As many fleet operators know, GPS is widely used as a fleet management solution to pinpoint the location of the drivers. Since updates can be transmitted at a regular timed interval, the location of the drivers can be tracked easily at any given time. The transmission of the location can also be triggered by events like ignition on or off. Until now, the data has been made available by a service provider on a website. Users with proper security credentials can track fleet activity live or historically by logging on to the website – and they can make use of features like digital mapping and various reporting tools.
Vehicle telematics is more than that: it is the use of computers and telecommunications to improve and enhance the functionality, security and productivity of vehicles and the drivers. Basically, it is the convergence of personal computers, mobile phones, GPS and the Internet. Fleet managers can use the technology to not only locate a group of vehicles, but also to locate them in relation to customer sites. Fleet managers and job dispatchers can make use of the technology to transmit and receive job messages to and from the drivers. The onboard device will then create the most effective journey route and send back the estimated arrival time to the job dispatch office.
Effective and efficient – this technology helps reduce journey times, save fuel and ultimately improve the satisfaction of the customers. A leading American vehicle telematics company says on its website: “Vehicle telematics is a great tool to make an organisation run more effectively. The activity of the fleet can be analysed, where the result can be used to make decisions, based on actual information – not just assumptions. Better tracking and planning can lead to an improvement in the journey times, fuel economy and drivers’ hours.”
Brett Faure, manager for all business development in Africa for DigiCore, agrees that Africa is showing a “huge potential” and that it is more focused on the fleet management side rather than stolen vehicle recovery. “C-track is operational in 17 African countries already and we are looking at expanding even more.
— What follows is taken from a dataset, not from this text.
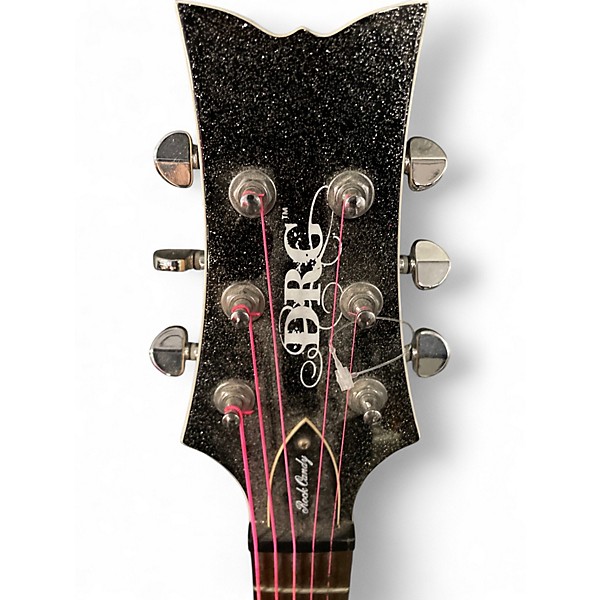 Used Drg Rock Candy Rainbow Sparkle Solid Body Electric Guitar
With so much focus on minerals and resources on the continent, large organisations are investing into Africa.
“With the increase in development and mining it is of the essence to minimise risks of injuries and vehicle abuse in these corporations,” Faure said that through the
C-track system, DigiCore could help customers, like BHP Billiton, to monitor speed violations, driver seat belts, impact and roll over of vehicles and many more.
“With mobile networks increasing their footprint in Africa more and more users will have access to the Internet. Our product uses the GSM networks as well as satellite networks to deliver the information via the internet to the customers’ doorstep,” Faure explains.
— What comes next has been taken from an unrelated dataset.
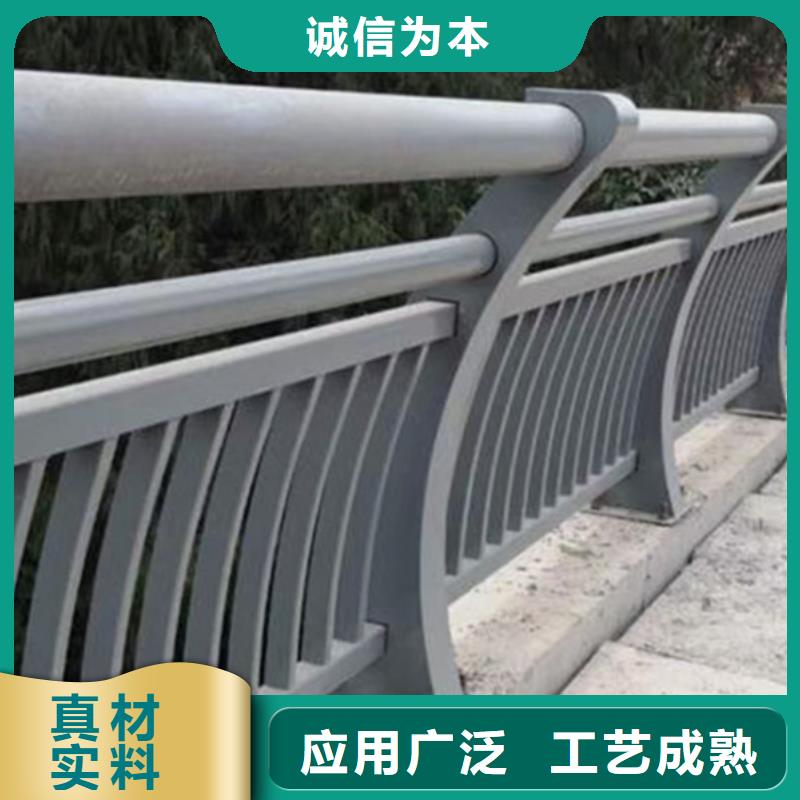 铝合金护栏铝合金仿木护栏质量优选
Finally, it is obvious that better, shared telecoms infrastructure throughout Africa will facilitate the harmonising of customs and immigration procedures, the creation of more one-stop border posts, access to tourism information by people just having to click on a few smart phone buttons to submit documents, place an order or make a booking, paying for it via Paypal, or just accessing the information they need for rapid decision-making.
C-track’s African footprint now includes South Africa, Namibia, Botswana, Zimbabwe, Mozambique, Tanzania, Zambia, DRC, Uganda, Kenya, Nigeria, Tunisia, Liberia, Guinea, Senegal, Mauritania and Morocco.